Bandala joins the valley of Samahni at Sara e Saadabad and Chitti Mitti, further east are Kahawalian and Nali villages, the last villages before the Line of Control. Many streams flow through the valley, producing cascades, rapids, falls and natural swimming pools. These pools are very popular among the local youths, not only for swimming but also for fishing. The fertile land and mild climate produces a variety of crops or trees, especially mango trees. Farming is still the major source of staple food for the area; wheat and corn are grown annually. The high literacy rate has improved the overall living standards of the people. Because most of the people work for the government or overseas, especially in Middle East and Europe, dependence on farming for income has greatly reduced but people still cultivate the land for food.

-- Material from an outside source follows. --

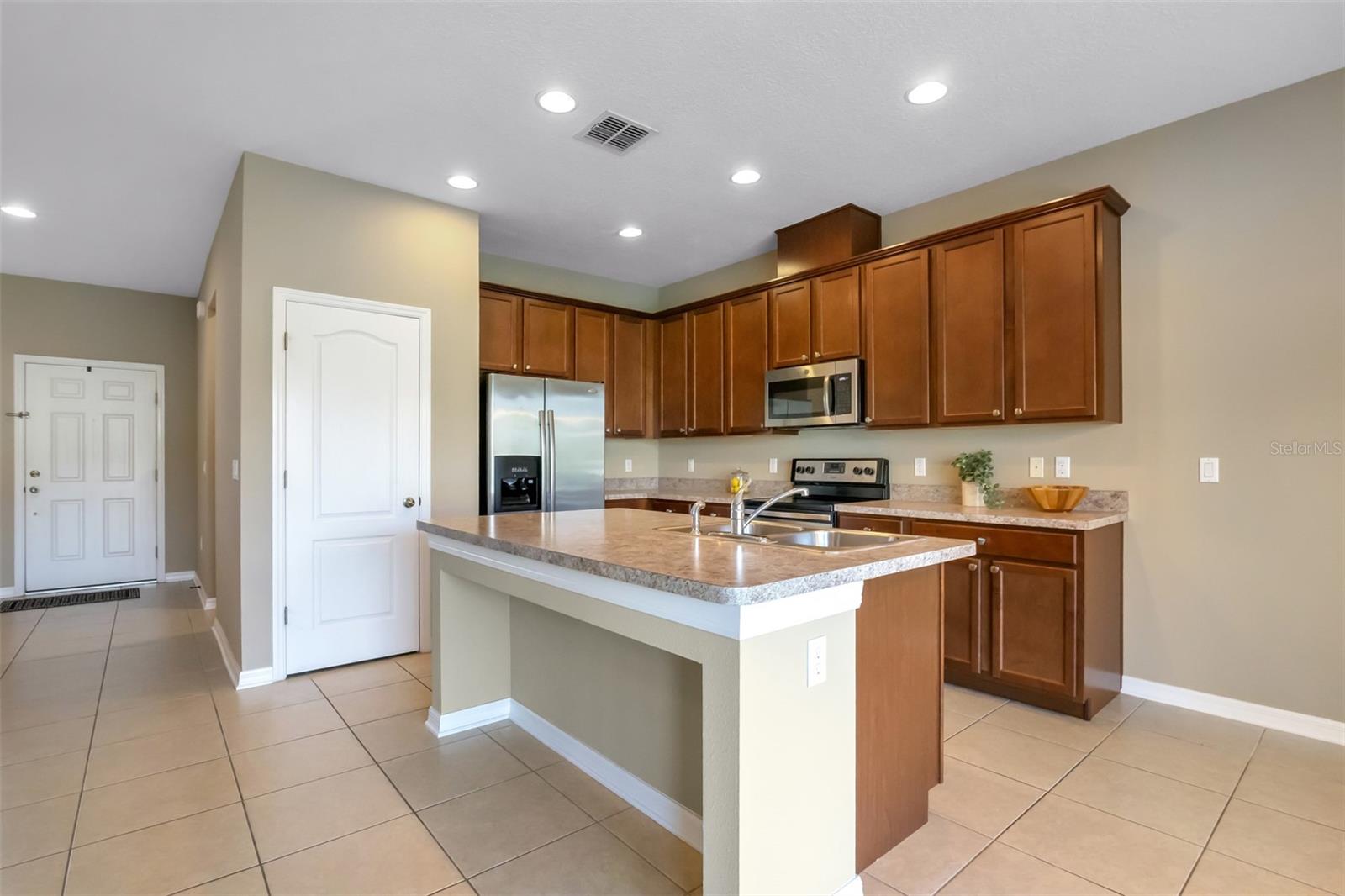 RIVERVIEW TWNHMS PH II - Residential Lease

The weather is too much cold during October to march,  with freezing cold, and mild during April and May. During June it is a bit hot with 35 Celsius temperature.

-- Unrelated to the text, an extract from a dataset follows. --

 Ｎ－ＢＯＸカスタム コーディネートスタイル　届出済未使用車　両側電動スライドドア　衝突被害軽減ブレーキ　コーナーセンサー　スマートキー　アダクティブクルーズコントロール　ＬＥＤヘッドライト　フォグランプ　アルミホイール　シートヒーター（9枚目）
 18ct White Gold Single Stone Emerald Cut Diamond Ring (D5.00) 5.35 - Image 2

Many birds and animals are found in the valley including peacocks, partridges, quail, falcons and eagles. The enclosing Reech Pahari serves as the sanctuary for many animal species including leopards, hyenas, wolves, jackals, Foxes, pythons, monkeys, deer.
The valley is home to many hamlets, of which Bandi, Pind, Gurah, Piana, Parati, Kahawalian, Bagh Chagah jandala and penga are the best known.